PRACTICE RECOMMENDATIONS

› Consider diagnoses other than asthma, COPD, heart failure, and pneumonia in patients with persistent or progressive dyspnea. C
› Avoid steroids in patients with acute pericarditis because research shows that they increase the risk of recurrence. B
› Consider anticoagulation with warfarin in patients with pulmonary arterial hypertension and cor pulmonale. Evidence shows that it improves survival and quality of life. A

Strength of recommendation (SOR)

A Good-quality patient-oriented evidence
B Inconsistent or limited-quality patient-oriented evidence
C Consensus, usual practice, opinion, disease-oriented evidence, case series

CASE › Joan C is a 68-year-old woman who presents to the office complaining of an enlarging left chest wall mass that appeared within the past month. She was treated for small-cell lung cancer 11 years ago. She has a 45 pack-year smoking history (she quit when she received the diagnosis) and has heart failure, which is controlled. Your examination reveals a large (5 cm) firm mass on her left chest wall. There is no erythema or tenderness. She has no other complaints. You recommend surgical biopsy and refer her to surgery.
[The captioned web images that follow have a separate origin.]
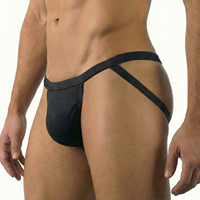 Jockstrap en maille à fines bretelles pour homme avec surpiqûre fendue |   Sous-vêtements pour hommes personnalisés Performance 80%PA 20%SP avec Air Mesh, sous-vêtements OEM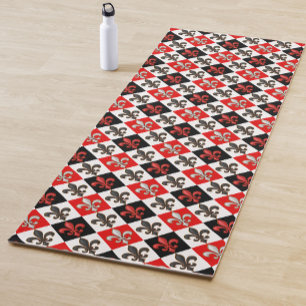 Red Black White Chequered Fleur-de-lis Design Yoga Mat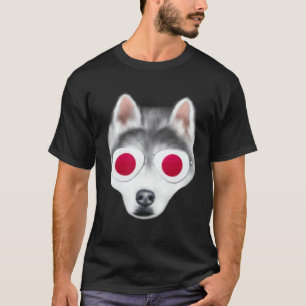 Camiseta Bandeira Japonesa Cão Husky Siberiano Japão Bolso
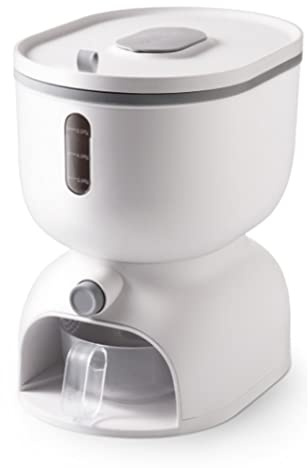 ZQDMYT Cereal Dispenser Countertop Cereal Dispenser，Food Dispenser With Scaled Storage Grain Dispenser One-click Output Hermetically Sealed Household Airtight (Color : Gray-6.5kg)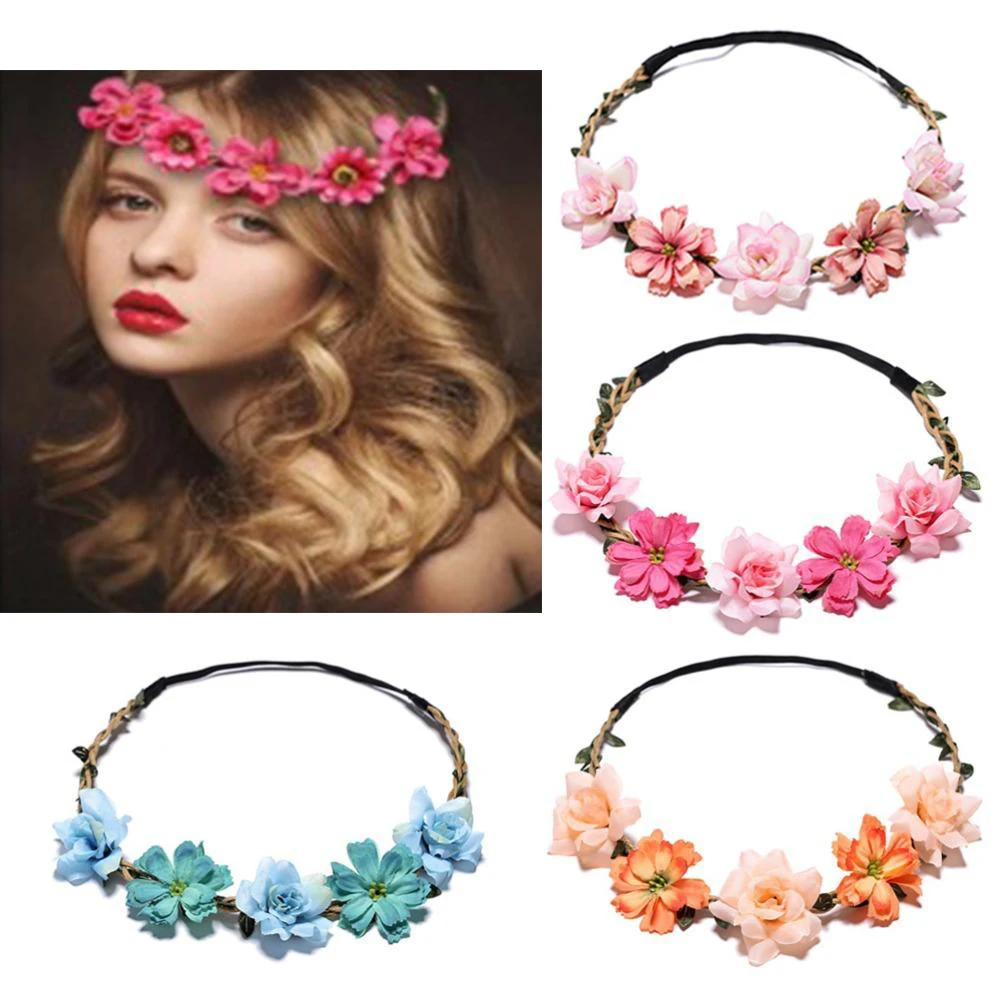 New Years Floral Crown Fashion Flower Headband for Beatuiful Girls Crown Hair Accessories Party Stylish Tools Hair Band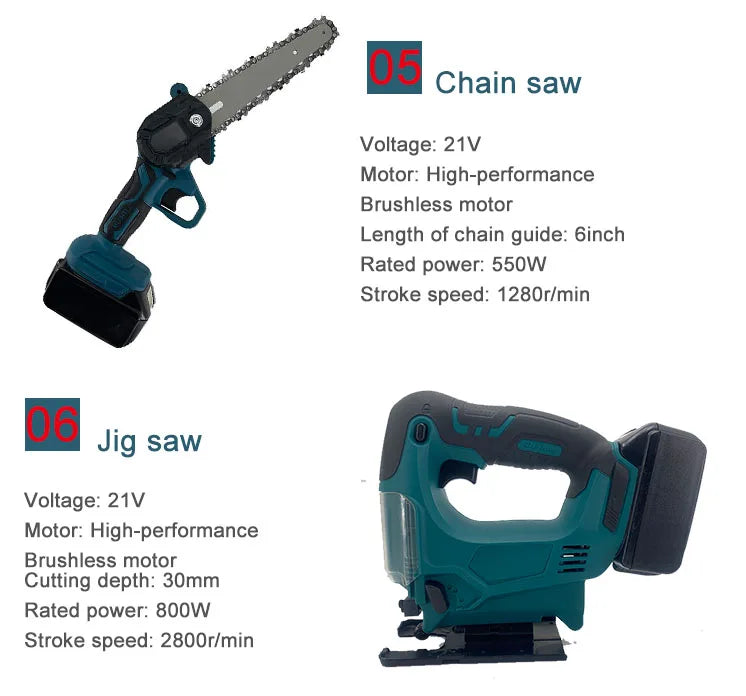 15-Piece Combo Power Tools Set Brushless Cordless Drill & Electric Hammer Drill Angle Grinder Includes Hard Case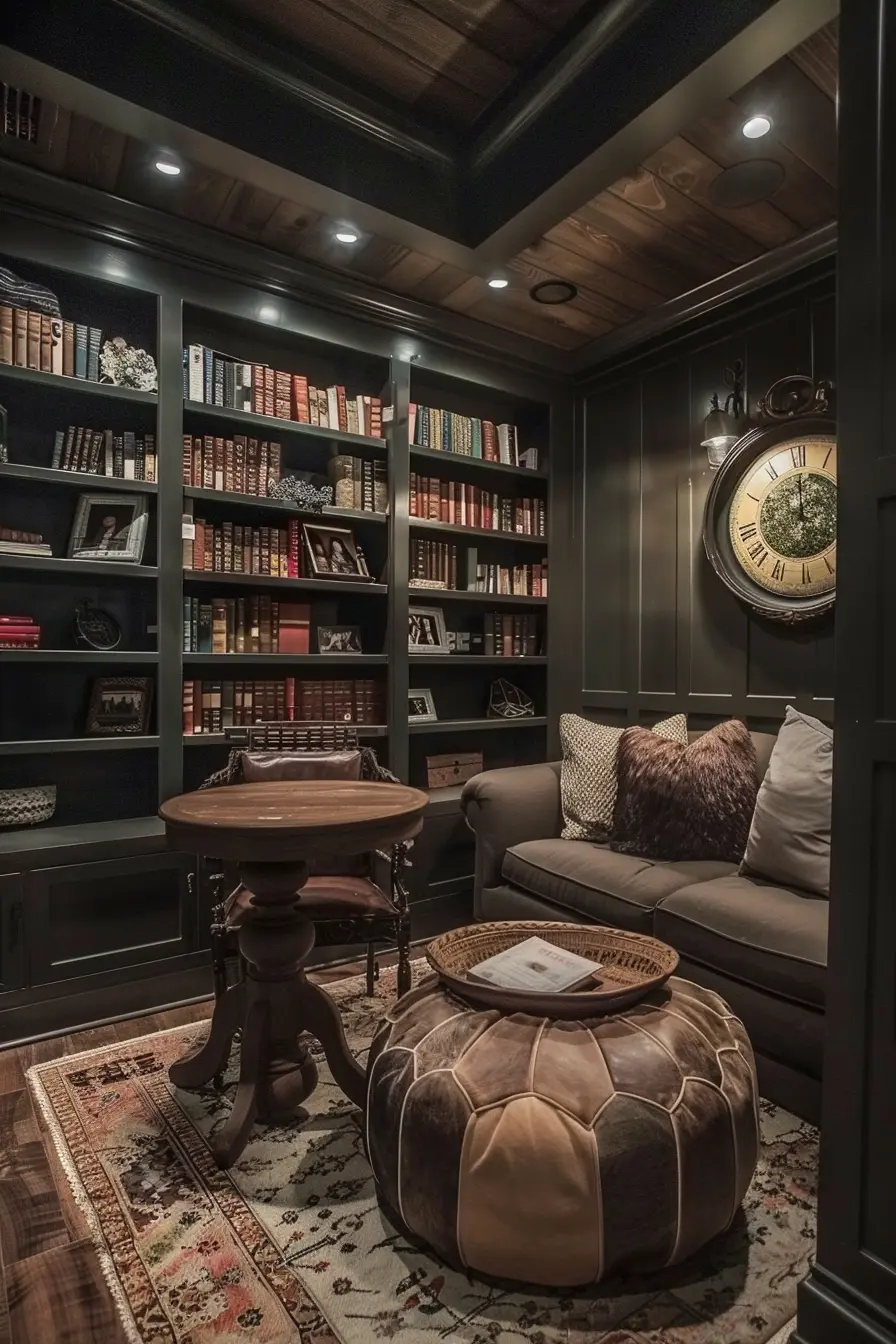Sleek-basement-wet-bar-with-hanging-glassware-storage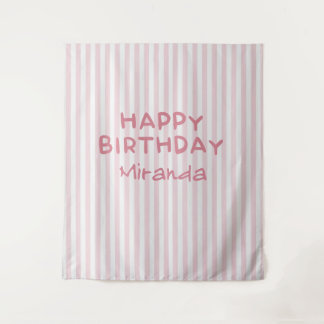 Fantasievolle rosa gestreifte Happy Birthday Kulis Wandteppich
Ms. C returns to your office several days later complaining of new and worsening shortness of breath with exertion that began the previous day. The presentation is similar to prior asthma exacerbation episodes. She denies any cough, fever, chest pain, symptoms at rest, or hemoptysis. On exam she appears comfortable and not in any acute distress. You refill her albuterol.

The next day you learn that she is being admitted to the hospital with respiratory distress. An x-ray of her chest shows a concerning mass in her right upper lung.

Dyspnea is an uncomfortable awareness of breathing that occurs when complex neurochemical pathways used to maintain oxygenation and ventilation are disrupted. (See "The variable, and subjective, process of dyspnea"1-5). Sometimes described as air hunger, increased work of breathing, chest tightness, or chest constriction, the symptom is usually disproportionate to the patient’s level of exertion.